2015/12/26

Dette française : quarante ans de laisser-aller

Dette française : quarante ans de laisser-aller


LE SCAN ÉCO/INFOGRAPHIES - La dette de la France n'a pas arrêté de se dégrader depuis les années 1970 et s'est fortement aggravée depuis la crise de 2008. 2015 signera encore une année de records. La preuve en graphiques.
Fin septembre 2015, la dette publique de la France atteint 2103,2 milliards d'euros.
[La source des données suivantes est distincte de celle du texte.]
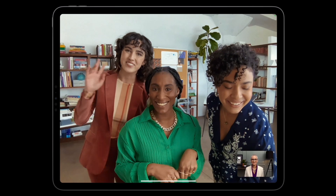Because I've got an M1 iPad Pro, I've also got access to Center Stage, so as I move around the room or slightly move out of frame, the camera follows me.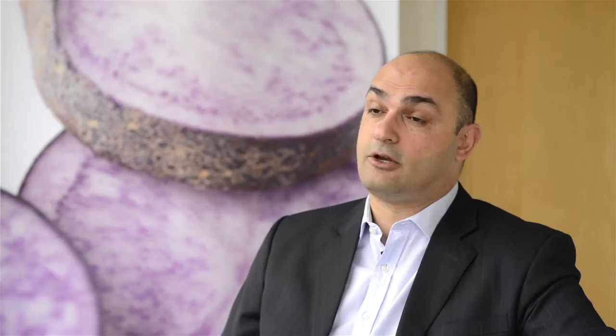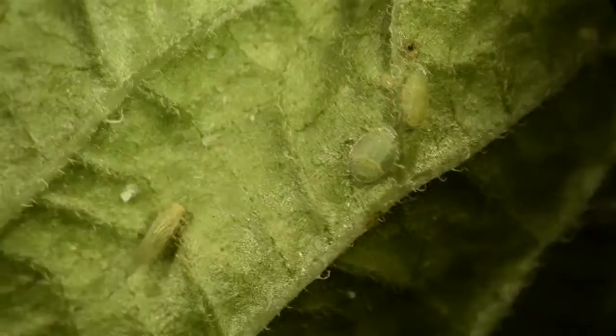In 2009, Plant and Food set aside $500,000 of their internal funding to start looking at tomato potato psyllid — what its life cycle was and what the mechanism was that was impacting the potato crop and, by proxy, the tamarillo crop.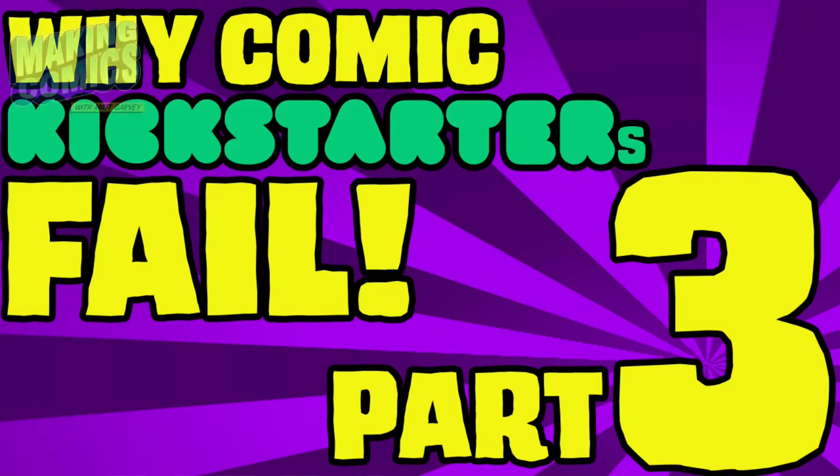Hi guys, welcome back to the channel. My name is Matt Garvey and we are deep diving into why comic Kickstarters fail. If you have missed any of the other videos, do not worry. You can watch these videos in any order you want. If you are new to the channel, welcome. And if you do want to go back to the first video, there is a link in the description. But if you're coming back for the third time, thank you very much. We're going to deep dive in right now.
Rapportée à la richesse créée dans l'Hexagone, elle atteint donc 96,9% du PIB. Et rapportée au nombre d'habitants en France, elle dépasse encore les 30.000 euros. 
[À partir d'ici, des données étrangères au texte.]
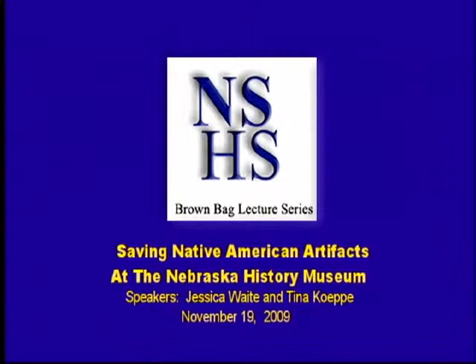Good afternoon. My name is John Lindahl. I'd like to welcome you to the Nebraska State Historical Society's Brown Bag Lecture Series held here at the Nebraska History Museum, the third Thursday of every month. A detailed schedule for this series, as well as information about all the Historical Society's programs and services, can be found on our website at NebraskaHistory.org.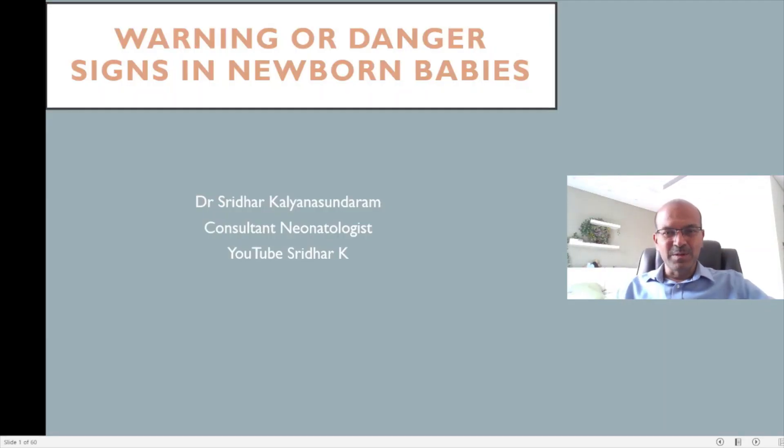Hi, I am Dr. Sridhar Kalyana Sundaram. In this video we will be looking at a very important topic which is warning or danger signs in newborn babies. This relates both to babies in hospitals where healthcare professionals are looking after them, as well as the babies at home where the parents are responsible for their baby's care.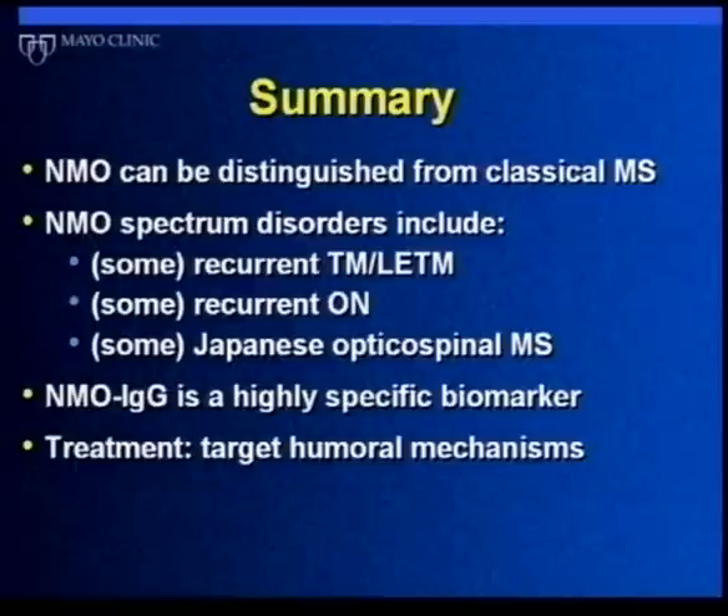In summary, it's becoming increasingly clear that Devic's disease is not only distinguishable from typical multiple sclerosis, but its spectrum is wider than we thought — including relapsing myelitis, relapsing optic neuritis, and probably Japanese optic spinal MS, which is likely the same disease as NMO. We now have a biomarker that is very helpful for diagnosis and may also help as we expand our evaluation of treatment options.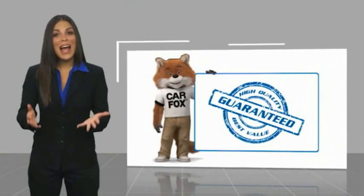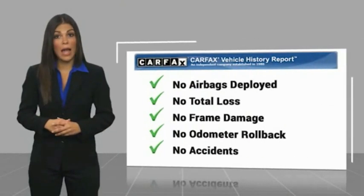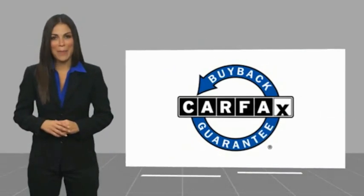Here's another high-quality vehicle with a Carfax Vehicle History Report. Be sure to find a complimentary copy of this report online or contact the dealership. This vehicle qualifies for the Carfax Buyback Guarantee.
• La dette publique française a dépassé les 100 milliards d'euros en 1981, les 500 milliards en 1993, les 1000 milliards d'euros en 2003 puis les 2000 milliards en 2014. 
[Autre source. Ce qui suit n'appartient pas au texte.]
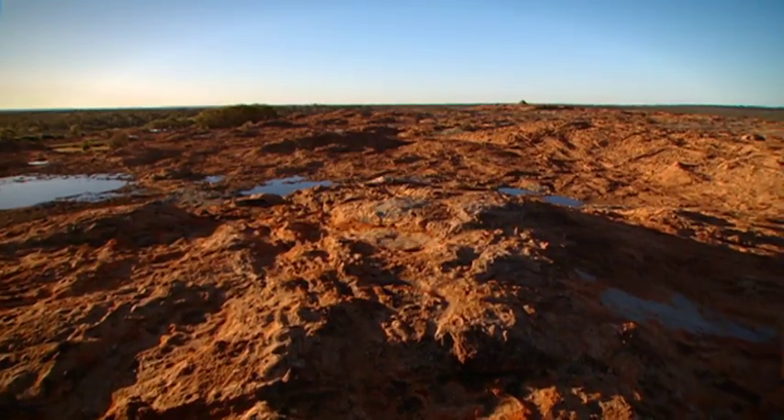If you can make it out of the car a couple of minutes before the kids and race to the top of the rock, you get a few moments of absolute serenity. It's beautiful.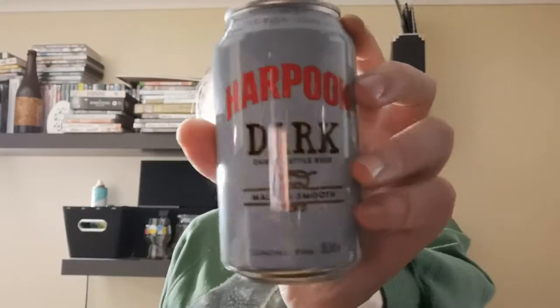So today we're diving once again into the Boston box from Beer52. Had some really nice beers so far from this box, so if you're interested, the referral link is at the top of the description. We're going back over to Harpoon and this is a can of the Dark, which is a Dunkel style beer.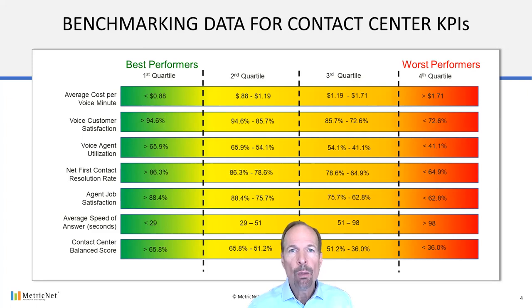Also, it's worth pointing out that when you establish performance targets for your contact center, a good rule of thumb is to set your performance targets for the top quartile. A contact center that achieves top quartile on every KPI would have a cost per minute of handle time of 88 cents or less, a customer satisfaction of 94.6% or greater, an agent utilization of 65.9% or more, a first contact resolution rate of 86.3% or greater, an agent job satisfaction of 88.4% or more, an average speed of answer of 29 seconds or less, and a balanced score of 65.8% or greater. This benchmarking data is designed to give you a feel for how your contact center is performing compared to others in the industry and to give you some guidance for establishing performance targets.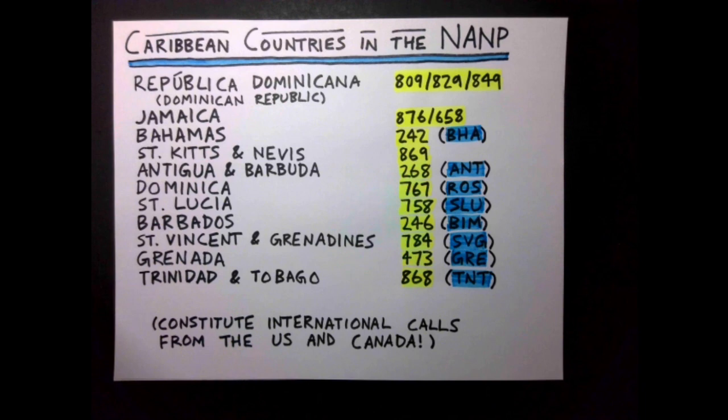Grenada has 473 for GRE, and Trinidad and Tobago has 868 for TNT. Unfortunately, calls to these countries constitute international calls, frustratingly making it such that just because a telephone number looks like a US or Canada phone number doesn't mean it won't incur international charges when dialed from the US or Canada. There have been telephone scammers that use this.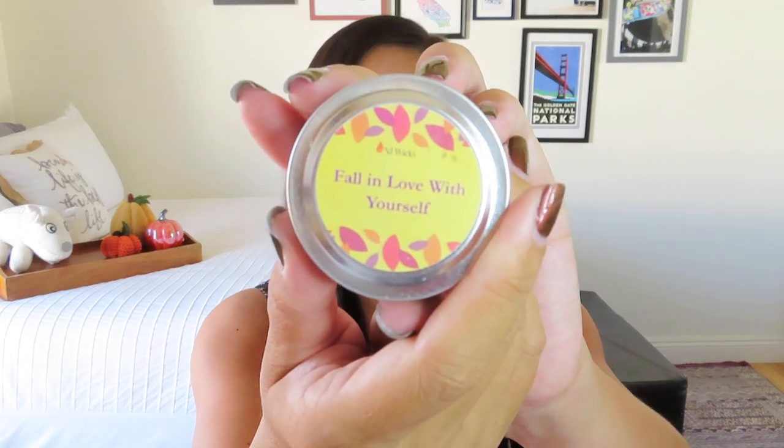So then this says fall in love with yourself, and I'm thinking it's a candle — and it is! Oh, this smells so good, you guys. It smells like apple pie — it's got a little fruitiness to it, but definitely some cinnamon. It's just a simple little candle. This is a two-ounce candle by NJ Wicks, and it is worth $5. So that's probably something that would also appear in one of her fragrance boxes.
• Rapportée au PIB, c'est-à-dire à la richesse créée dans le pays durant une année, la dette publique est sur le point d'afficher un nouveau record en 2015. 
• Rapportée au nombre d'habitants en France, la dette publique est également sur des plus hauts historiques. 
• La dette publique est le résultat d'une accumulation de déficits publics. Or en France, depuis 1975, pas une seule année ne s'est soldée par un budget positif (ni en équilibre). Ainsi la dette publique actuelle est-elle la somme de tous ces déficits publics successifs. 


Si la situation présente est préoccupante, elle est en réalité inquiétante depuis de nombreuses années, bien avant la crise de 2008, qui a révélé et amplifié une situation préalable structurellement déséquilibrée.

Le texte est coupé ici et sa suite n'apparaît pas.